Russia has attacked the U.S. in cyberspace in an attempt to influence our national election, many experts have concluded. We need to take this national security threat seriously and both respond and defend, despite the partisan nature of this particular attack. There is virtually no debate about that, either from the technical experts who analyzed the attack last month or the FBI which is analyzing it now. The hackers have already released DNC emails and voicemails, and promise more data dumps. While their motivation remains unclear, they could continue to attack our election from now to November — and beyond. Like everything else in society, elections have gone digital. And just as we’ve seen cyberattacks affecting all aspects of society, we’re going to see them affecting elections as well. What happened to the DNC is an example of organizational doxing — the publishing of private information — an increasingly popular tactic against both government and private organizations. There are other ways to influence elections: denial-of-service attacks against candidate and party networks and websites, attacks against campaign workers and donors, attacks against voter rolls or election agencies, hacks of the candidate websites and social media accounts, and — the one that scares me the most — manipulation of our highly insecure but increasingly popular electronic voting machines.
On the one hand, this attack is a standard intelligence gathering operation, something the NSA does against political targets all over the world and other countries regularly do to us.
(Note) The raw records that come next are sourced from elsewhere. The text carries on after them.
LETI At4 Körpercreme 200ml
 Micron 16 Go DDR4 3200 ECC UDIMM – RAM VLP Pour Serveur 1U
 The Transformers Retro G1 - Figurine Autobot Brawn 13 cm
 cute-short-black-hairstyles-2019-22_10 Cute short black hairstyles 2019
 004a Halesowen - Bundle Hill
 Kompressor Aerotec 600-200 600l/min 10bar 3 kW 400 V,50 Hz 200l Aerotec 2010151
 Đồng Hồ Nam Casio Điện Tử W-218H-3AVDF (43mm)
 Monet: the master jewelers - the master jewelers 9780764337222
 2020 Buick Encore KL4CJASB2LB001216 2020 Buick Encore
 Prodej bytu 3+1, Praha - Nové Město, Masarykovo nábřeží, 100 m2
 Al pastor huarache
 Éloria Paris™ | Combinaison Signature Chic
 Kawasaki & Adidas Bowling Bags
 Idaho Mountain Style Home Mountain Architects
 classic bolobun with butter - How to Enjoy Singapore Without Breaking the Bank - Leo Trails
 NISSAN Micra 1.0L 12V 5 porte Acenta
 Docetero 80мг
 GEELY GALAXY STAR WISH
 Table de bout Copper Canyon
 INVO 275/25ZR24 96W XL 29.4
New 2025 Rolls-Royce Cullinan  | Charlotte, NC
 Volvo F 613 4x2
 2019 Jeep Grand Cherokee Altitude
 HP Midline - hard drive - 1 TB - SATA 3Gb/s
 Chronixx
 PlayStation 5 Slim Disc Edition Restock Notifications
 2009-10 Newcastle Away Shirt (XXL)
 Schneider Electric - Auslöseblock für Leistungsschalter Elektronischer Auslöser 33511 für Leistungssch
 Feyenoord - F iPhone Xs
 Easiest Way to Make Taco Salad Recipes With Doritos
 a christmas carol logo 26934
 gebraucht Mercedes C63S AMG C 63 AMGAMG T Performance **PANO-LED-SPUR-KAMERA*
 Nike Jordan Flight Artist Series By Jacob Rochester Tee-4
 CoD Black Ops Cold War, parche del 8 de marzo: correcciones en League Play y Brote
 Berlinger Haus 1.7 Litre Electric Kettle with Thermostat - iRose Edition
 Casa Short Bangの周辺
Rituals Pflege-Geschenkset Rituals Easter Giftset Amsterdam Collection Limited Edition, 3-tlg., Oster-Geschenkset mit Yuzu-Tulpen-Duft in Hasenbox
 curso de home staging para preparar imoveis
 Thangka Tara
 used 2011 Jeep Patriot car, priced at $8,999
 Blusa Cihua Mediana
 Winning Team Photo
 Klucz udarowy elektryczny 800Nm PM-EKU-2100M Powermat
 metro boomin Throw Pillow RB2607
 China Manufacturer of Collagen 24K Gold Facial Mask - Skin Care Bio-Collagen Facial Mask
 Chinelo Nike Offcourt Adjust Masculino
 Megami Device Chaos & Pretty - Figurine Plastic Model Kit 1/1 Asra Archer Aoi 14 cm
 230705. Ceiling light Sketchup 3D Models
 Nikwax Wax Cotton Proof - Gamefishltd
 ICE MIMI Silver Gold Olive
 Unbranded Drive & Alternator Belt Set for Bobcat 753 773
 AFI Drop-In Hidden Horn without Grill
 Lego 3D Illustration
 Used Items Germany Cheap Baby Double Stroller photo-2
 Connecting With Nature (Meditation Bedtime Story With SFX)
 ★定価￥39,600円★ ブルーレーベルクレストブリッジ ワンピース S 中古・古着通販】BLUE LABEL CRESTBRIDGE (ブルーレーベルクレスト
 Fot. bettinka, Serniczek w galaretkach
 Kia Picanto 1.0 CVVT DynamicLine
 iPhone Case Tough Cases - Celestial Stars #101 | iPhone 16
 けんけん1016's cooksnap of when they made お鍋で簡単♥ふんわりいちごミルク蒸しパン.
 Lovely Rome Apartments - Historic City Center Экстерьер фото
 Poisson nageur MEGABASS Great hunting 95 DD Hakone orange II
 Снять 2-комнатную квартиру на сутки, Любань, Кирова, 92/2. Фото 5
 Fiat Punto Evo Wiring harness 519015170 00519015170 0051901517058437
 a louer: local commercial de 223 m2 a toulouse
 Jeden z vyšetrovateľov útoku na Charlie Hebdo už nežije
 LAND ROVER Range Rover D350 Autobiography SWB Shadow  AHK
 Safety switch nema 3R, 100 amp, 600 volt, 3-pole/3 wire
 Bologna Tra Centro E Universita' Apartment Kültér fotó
The only thing different between this attack and the more common Chinese and Russian attacks against our government networks is that the Russians apparently decided to publish selected pieces of what they stole in an attempt to influence our election, and to use Wikileaks as a way to both hide their origin and give them a veneer of respectability.
All of the attacks listed above can be perpetrated by other countries and by individuals as well. They’ve been done in elections in other countries. They’ve been done in other contexts. The Internet broadly distributes power, and what was once the sole purview of nation states is now in the hands of the masses. We’re living in a world where disgruntled people with the right hacking skills can influence our elections, wherever they are in the world.